While returning home from his mother's birthday celebration in Paris, Hassan Aden, the retired police chief of Greenville, North Carolina, says he was unfairly detained for 90 minutes at New York City's John F. Kennedy International Airport because of his name.
The 52-year-old naturalized American citizen was born in Italy to an Italian mother and Somali father, and has lived in the United States for 42 years. Aden told The Washington Post he was asked when he arrived at customs on March 13 if he was traveling alone, and when he replied in the affirmative, he was told to "take a walk." He said he was brought back to an office with signs that said "remain seated at all times" and "use of telephones strictly prohibited" without being told why he was there. After several minutes, Aden said he asked the U.S. Customs and Border Protection officer why he was being detained and told him about his career in law enforcement. The officer was unmoved, Aden said, and told him he wasn't being detained and someone on a "watch list" was using his name.
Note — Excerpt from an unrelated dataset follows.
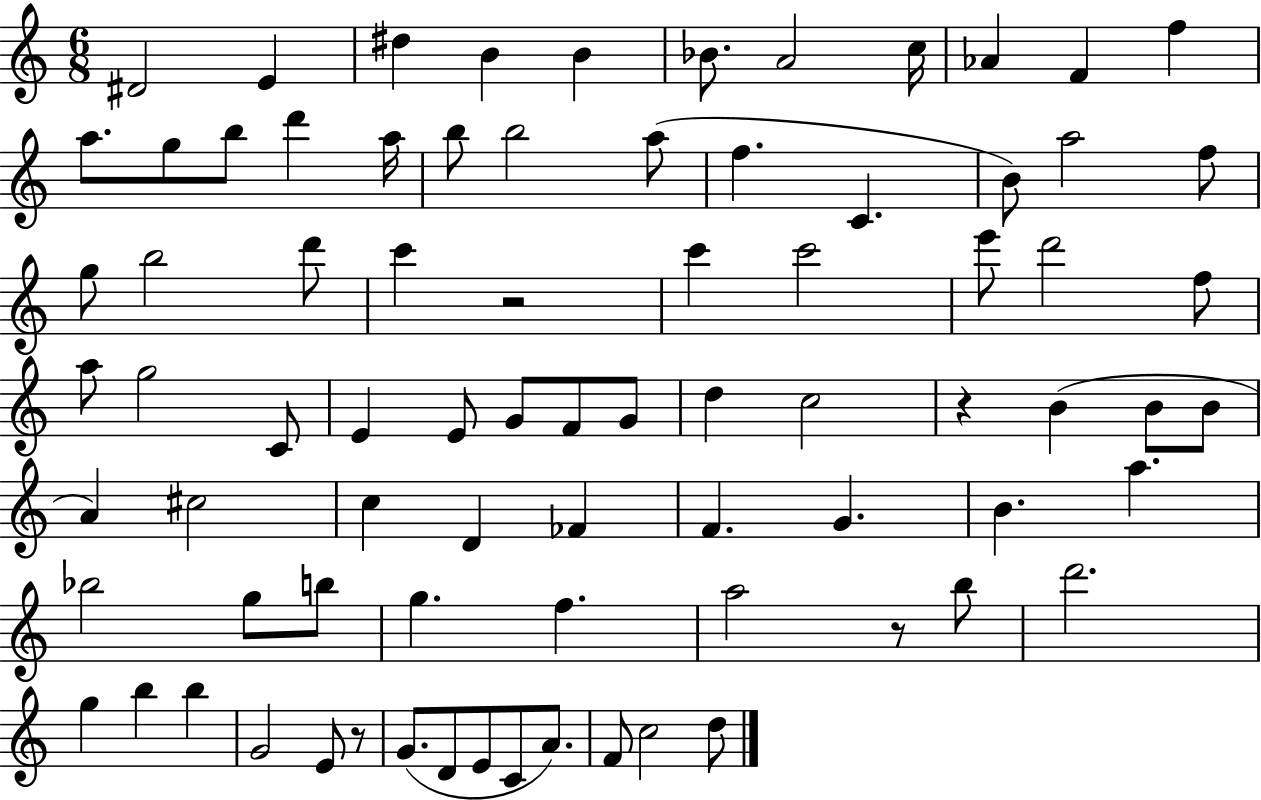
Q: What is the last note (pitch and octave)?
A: D5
A different officer eventually took over his case, and after she contacted another agency multiple times, Aden was let go. "I wondered about others," Aden said. "What happens to people when they don't know any better? I'm sure it's terrorizing a lot of people and not making us any safer." He is not a Muslim, but told the Post that he believes the "cold and unwelcoming" new immigration policies set forth by the Trump administration could make authorities suspicious of his name. "I fully support the mission of the Customs and Border Protection agency," he said. "And I fully appreciate the difficulty of their job and the dangers of their job. What I question here is essentially their policies and what they view as a reasonable detention. And I would venture to say that 90 minutes is an unreasonable detention when there is no probable cause to believe that a crime has occurred."
A spokeswoman for U.S Customs and Border Protection said she could not comment on Aden's claim because of privacy, adding, "At times, travelers may be inconvenienced as we work through the arrival process to ensure those entering the country are doing so legitimately and lawfully."